The New York Times has revealed that it’s been repeatedly hit by Chinese hackers over the last four months, possibly in retaliation for an investigation into the family of the Chinese prime minister.
The company says it’s been able to halt the attacks, but that in the meantime the hackers were able to gather passwords for the entire staff and gain access to 53 computers.
They also gained access to the email accounts of the paper’s Shanghai bureau chief, David Barboza, and former Beijing bureau chief Jim Yardley. No customer data was accessed.
The paper’s not entirely sure about the mitivation of the attacks, which followed an investigation, published last October, into the financial dealings of prime minister Wen Jiabo’s relatives.
But, says Jill Abramson, executive editor of The Times, “Computer security experts found no evidence that sensitive emails or files from the reporting of our articles about the Wen family were accessed, downloaded or copied.”

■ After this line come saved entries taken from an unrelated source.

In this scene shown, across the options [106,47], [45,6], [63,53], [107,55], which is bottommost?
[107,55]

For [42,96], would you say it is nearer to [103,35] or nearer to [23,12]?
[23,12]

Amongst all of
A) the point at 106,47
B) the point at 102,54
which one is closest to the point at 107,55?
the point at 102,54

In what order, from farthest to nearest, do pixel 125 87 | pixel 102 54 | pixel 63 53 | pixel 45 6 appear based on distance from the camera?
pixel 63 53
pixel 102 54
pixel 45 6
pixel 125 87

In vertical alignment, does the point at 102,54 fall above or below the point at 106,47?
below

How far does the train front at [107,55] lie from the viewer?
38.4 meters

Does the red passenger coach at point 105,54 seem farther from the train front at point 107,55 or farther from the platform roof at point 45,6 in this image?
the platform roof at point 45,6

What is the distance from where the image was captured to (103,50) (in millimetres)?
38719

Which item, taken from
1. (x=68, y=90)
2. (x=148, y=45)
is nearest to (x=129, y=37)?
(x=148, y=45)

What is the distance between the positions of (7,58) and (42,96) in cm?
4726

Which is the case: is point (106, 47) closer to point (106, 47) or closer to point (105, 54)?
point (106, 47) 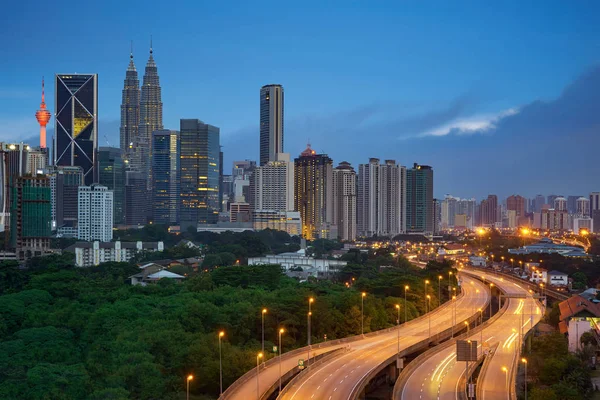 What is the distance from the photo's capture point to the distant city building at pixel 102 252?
74438 millimetres

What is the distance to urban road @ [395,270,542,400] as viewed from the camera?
22812 millimetres

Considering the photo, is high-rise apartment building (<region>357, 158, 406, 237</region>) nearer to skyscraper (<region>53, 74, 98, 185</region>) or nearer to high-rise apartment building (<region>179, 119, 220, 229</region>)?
high-rise apartment building (<region>179, 119, 220, 229</region>)

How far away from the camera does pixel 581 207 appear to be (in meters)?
194

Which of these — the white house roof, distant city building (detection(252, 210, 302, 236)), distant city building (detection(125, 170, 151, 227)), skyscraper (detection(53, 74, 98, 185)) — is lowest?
the white house roof

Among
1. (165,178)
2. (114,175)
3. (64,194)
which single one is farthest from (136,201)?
(64,194)

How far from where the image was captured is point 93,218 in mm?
103875

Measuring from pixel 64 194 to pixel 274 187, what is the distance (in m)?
38.3

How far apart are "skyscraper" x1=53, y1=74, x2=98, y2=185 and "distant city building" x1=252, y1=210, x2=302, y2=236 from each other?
31739 mm

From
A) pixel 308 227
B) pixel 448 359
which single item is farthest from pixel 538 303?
pixel 308 227

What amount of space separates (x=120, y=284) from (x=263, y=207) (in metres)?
94.0

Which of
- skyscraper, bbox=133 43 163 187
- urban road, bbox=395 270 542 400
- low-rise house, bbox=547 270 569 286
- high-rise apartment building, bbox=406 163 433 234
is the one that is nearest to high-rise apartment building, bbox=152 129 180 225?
skyscraper, bbox=133 43 163 187

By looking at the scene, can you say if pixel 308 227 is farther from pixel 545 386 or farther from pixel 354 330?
pixel 545 386

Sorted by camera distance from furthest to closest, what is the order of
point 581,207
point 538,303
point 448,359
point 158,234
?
point 581,207
point 158,234
point 538,303
point 448,359

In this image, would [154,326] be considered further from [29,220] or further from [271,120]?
[271,120] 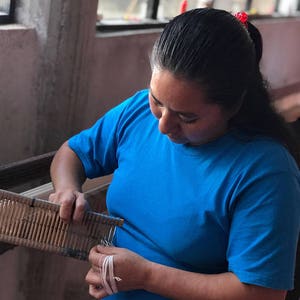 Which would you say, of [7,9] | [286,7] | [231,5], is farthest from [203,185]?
[286,7]

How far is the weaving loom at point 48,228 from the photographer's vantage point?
105 centimetres

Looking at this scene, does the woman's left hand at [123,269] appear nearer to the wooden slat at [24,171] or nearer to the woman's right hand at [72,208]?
the woman's right hand at [72,208]

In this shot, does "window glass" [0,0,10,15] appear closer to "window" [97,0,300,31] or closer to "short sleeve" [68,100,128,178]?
"window" [97,0,300,31]

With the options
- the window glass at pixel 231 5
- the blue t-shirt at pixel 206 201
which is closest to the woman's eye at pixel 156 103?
the blue t-shirt at pixel 206 201

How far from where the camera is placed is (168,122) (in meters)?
0.98

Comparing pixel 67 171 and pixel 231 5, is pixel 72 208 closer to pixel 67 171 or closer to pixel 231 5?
pixel 67 171

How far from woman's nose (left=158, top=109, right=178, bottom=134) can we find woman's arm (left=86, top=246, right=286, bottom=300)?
0.24m

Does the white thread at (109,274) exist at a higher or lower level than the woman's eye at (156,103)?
lower

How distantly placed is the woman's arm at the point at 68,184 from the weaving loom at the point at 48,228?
19mm

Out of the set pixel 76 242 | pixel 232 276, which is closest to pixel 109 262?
pixel 76 242

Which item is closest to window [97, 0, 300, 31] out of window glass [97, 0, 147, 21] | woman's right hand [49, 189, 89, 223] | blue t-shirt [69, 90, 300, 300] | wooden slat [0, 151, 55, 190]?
window glass [97, 0, 147, 21]

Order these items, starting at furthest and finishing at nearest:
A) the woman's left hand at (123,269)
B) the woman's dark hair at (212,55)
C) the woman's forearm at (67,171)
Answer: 1. the woman's forearm at (67,171)
2. the woman's left hand at (123,269)
3. the woman's dark hair at (212,55)

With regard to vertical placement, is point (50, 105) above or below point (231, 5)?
below

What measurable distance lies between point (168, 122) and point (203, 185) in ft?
0.46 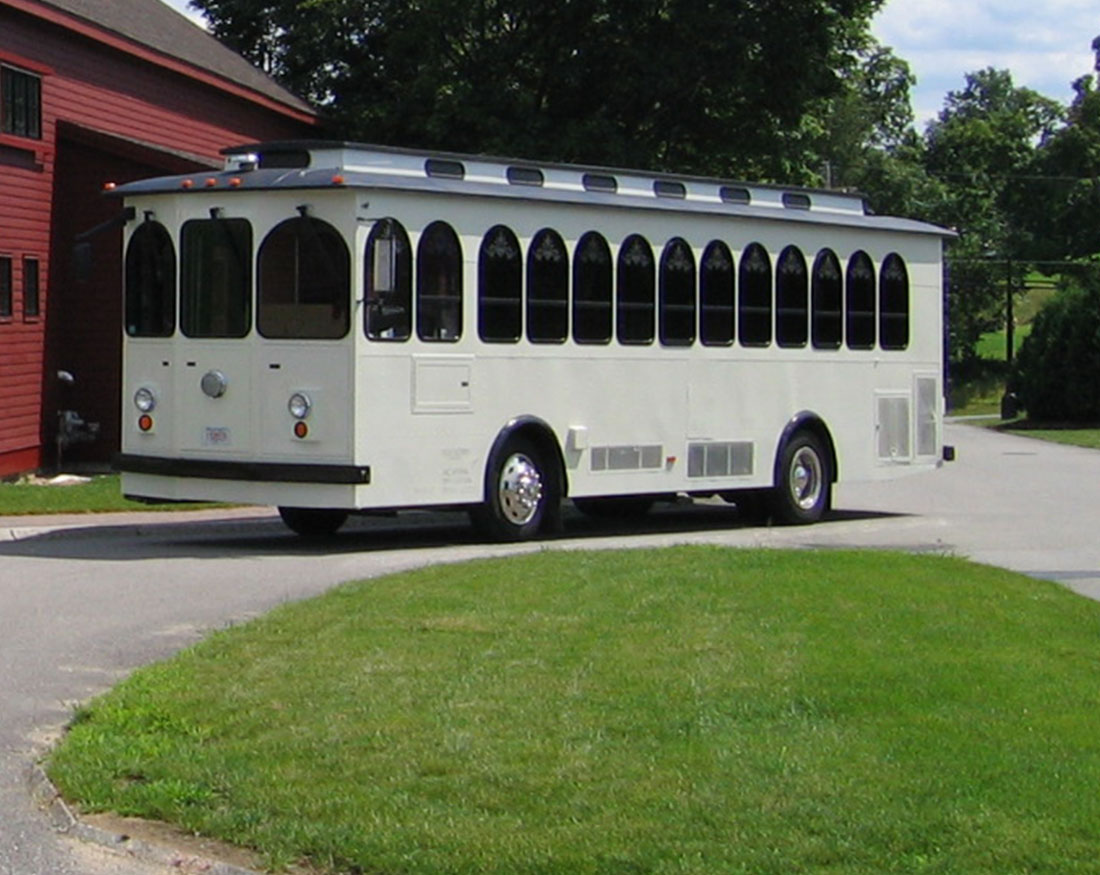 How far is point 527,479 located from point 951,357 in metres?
75.4

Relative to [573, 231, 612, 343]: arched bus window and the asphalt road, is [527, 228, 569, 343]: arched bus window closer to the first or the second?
[573, 231, 612, 343]: arched bus window

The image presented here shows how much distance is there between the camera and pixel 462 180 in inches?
708

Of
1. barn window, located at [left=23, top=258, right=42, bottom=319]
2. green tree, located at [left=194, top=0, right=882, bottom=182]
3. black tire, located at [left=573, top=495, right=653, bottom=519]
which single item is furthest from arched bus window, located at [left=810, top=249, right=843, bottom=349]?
green tree, located at [left=194, top=0, right=882, bottom=182]

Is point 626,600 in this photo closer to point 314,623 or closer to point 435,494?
point 314,623

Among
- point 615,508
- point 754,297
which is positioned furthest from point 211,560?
point 615,508

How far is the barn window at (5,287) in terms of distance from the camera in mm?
26875

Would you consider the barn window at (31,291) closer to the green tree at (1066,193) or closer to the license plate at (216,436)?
the license plate at (216,436)

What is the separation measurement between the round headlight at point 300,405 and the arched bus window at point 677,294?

However, the attackers appeared to be looking for the names pf people who had helped the paper with its investigation. There was no attempt to try and shut the paper’s systems down.
“They could have wreaked havoc on our systems,” says Marc Frons, the Times’s chief information officer. “But that was not what they were after.”
To disguise the source of the attacks, the hackers routed them through several universities, a tactic that Chinese hackers have used before. It’s not known how they gained access, although the Times suspects a spear-phishing attack, with an absent-minded staffer clicking on a link.
Around 45 pieces of malware were discovered, of which only one was detected by the paper’s Symantec security system. The paper was, though, on the alert for atttacks, having been indirectly warned by Chinese officials that its investigation would ‘have consequences’.
The paper says it’s braced for further attacks.